Para você entender de forma resumida, o Irã vive a maior onda de protestos das últimas décadas com milhares de pessoas indo as ruas a favor dos direitos das mulheres. As manifestações explodiram de vez com a prisão e morte de Mahsa Amini, jovem de 22 anos detida após violar as regras iranianas sobre o uso de hijab, lenço islâmico que cobre a cabeça das mulheres. Denuncias afirmas que Amini teria sido golpeada por um cassetete.
Sardar Azmoun, atual craque da Seleção Iraniana é um dos atletas do elenco que mais utilizam seu espaço para defender os direitos das mulheres no país.
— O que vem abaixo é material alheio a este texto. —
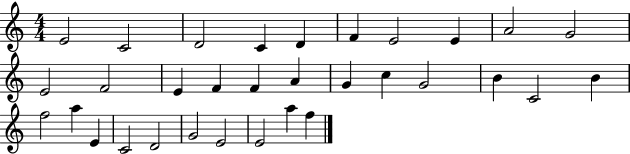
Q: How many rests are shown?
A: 0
Seu posicionamento a favor dos direitos humanos o levou a receber ameaças de mortes pela ala extremista, fazendo com que até sua mãe fosse alvo de ataques, motivos suficientes para que o 'Messi Iraniano' anunciasse algumas vezes sua aposentadoria da Seleção, só voltando atrás após apelo da Federação de Futebol.
Azmoun atuou por 68 minutos no jogo contra Gales, sendo o jogador mais perigoso da equipe enquanto esteve em campo, chutando até uma bola na trave. Pela Seleção Iraniana, o atacante que atua no Bayer 04 Leverkusen da Alemanha tem 41 gols em 65 jogos, o atacante com mais gols defendendo a equipe no atual elenco. O Irã retorna à campo na próxima terça-feira (29), às 15h (horário de Manaus), para enfrentar a Seleção Americana, precisando apenas de mais um resultado positivo para garantir classificação às oitavas de finais do Mundial.